Terra inсognitа

     Работать в праздничные дни скучно: комитентов нет, покупателей мало, если кто забредет, послоняется по залам, скользнет по полкам равнодушным взглядом и к выходу. В магазине тихо слышно, как гудят люминесцентные лампы, продавщицы шелестят страницами книг.

     «Как в музее, – жалуются они, когда изредка выхожу из кабинета, – ходят, смотрят, ничего не покупают».
 
     23 февраля 2011 года был именно такой «музейный день»: унылый и бесконечный.
    Часовая стрелка подбиралась к пяти, я уже подумывал, а не закрыть ли лавочку и не отпустить ли барышень по домам, как в проеме двери нарисовался мужчина. Он стянул с головы шапку, похожую на летный шлем, спросил:

     – Геннадий Федорович?

     Я кивнул.

     – Владимир Шинкарев.

     Я знал о возможности его визита, но надеялся, что меня предупредят заранее, поэтому немного растерялся. Предложив гостю стул, извлек из шкатулки и положил перед ним брошь в виде золотой шпаги с красным камушком в эфесе.

     Предмет попал ко мне недавно, кое-кто из постоянных покупателей его видел, многим он нравился, но цена, а главное бесполезность мушкетерского атрибута в костюме современной женщины, удерживали от покупки. Как-то показал вещицу Юрию Молодковцу, тот покрутил, потер пальцами и возвратил.

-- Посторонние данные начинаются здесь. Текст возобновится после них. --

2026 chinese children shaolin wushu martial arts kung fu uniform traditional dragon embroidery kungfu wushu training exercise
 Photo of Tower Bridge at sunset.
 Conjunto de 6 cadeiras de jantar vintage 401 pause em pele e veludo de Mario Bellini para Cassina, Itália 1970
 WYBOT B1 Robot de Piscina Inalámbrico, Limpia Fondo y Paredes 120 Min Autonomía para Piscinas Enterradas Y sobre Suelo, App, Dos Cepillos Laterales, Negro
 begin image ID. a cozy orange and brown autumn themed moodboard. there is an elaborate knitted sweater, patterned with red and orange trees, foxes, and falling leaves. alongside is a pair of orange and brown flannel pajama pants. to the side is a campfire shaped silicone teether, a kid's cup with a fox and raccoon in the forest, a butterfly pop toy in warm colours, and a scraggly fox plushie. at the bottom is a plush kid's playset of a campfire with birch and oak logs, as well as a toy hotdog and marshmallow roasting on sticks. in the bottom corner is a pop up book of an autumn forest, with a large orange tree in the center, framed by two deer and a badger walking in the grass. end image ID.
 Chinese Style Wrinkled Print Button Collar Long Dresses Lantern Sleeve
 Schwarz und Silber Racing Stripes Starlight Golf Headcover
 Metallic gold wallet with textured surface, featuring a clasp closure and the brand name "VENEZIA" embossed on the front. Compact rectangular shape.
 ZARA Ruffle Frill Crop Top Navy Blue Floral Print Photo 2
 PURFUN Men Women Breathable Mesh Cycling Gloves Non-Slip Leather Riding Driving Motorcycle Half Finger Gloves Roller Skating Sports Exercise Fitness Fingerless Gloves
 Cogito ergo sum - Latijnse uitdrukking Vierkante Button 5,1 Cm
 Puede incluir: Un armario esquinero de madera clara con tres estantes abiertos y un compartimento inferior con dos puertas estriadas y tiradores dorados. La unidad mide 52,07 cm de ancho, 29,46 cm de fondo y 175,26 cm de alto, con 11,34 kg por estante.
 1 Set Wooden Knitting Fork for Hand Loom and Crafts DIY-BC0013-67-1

     – Володе Шинкареву надо показать. Его жена фехтованием занимается, ему, думаю, будет интересно. К тому же 8 марта скоро.

     Лидеров группы «Митьки» Яшке называл «центровые». С Александром Флоренским я знаком, редко, но они с Ольгой заходили. С Дмитрием Шагиным встречались на выставках. А Владимир Шинкарев был, что называется, «terra inсognitа»; конечно, я видел его на экране телевизора, читал интервью в газетах, рассматривал на снимках. Но живописи не знал, книг не имел, знаком не был. 

     Как-то в молодости попалась брошюра о творчестве Василия Шукшина, запомнился эпизод его поступления во ВГИК. Курс был набран, и лишь два абитуриента вызывали у приемной комиссии сомнение, их не хотели зачислять – это Андрей Тарковский и Василий Шукшин. Первого – потому что много знал, второго – потому что знал мало. Михаил Ромм, набиравший студентов в тот год, отстоял и того и другого. И как известно не ошибся. Когда я впервые увидел Шинкарева на фотографии, подумал: «Как на Тарковского похож», а его интервью городской газете, окончательно убедило: «Точно Тарковский! Знает много».

     Предложение Молодковца заинтересовало, я ухватился, и обещал не продавать брошь до прихода художника, а, чтобы наверняка заполучить в гости идеолога митьковского движения назначил цену ниже той, по которой она продавалась.

     С момента разговора минуло дней десять и вот Владимир Николаевич сидит передо мной и через увеличительное стекло изучает гарду с нанесенными клеймами, а я изучаю его, пытаясь совместить укоренившийся образ и живого человека. И у меня ничего не получается! Ждал «Тарковского», а пришел кто-то другой: голова из-за худобы показалась маленькой, лицо живое подвижное, кожа бледная, реденькая шевелюра, мягкие усики, под заостренным носом.

     Легкий шок, вызванный неожиданным появлением медийной персоны, повлиял своеобразно: обычно сдержанный и немногословный в присутствии гостя разоткровенничался, поведал о его друзьях: кто посещает, чем интересуются. За минуту с небольшим «сдал всех».

     Шинкарев разглядывал украшение, слушал, иногда посматривая на меня, лукаво улыбаясь: «Говори, говори, знаем мы вас, барыг, насквозь видим».

     Брошь ему понравилась, он купил, и мы вышли в зал.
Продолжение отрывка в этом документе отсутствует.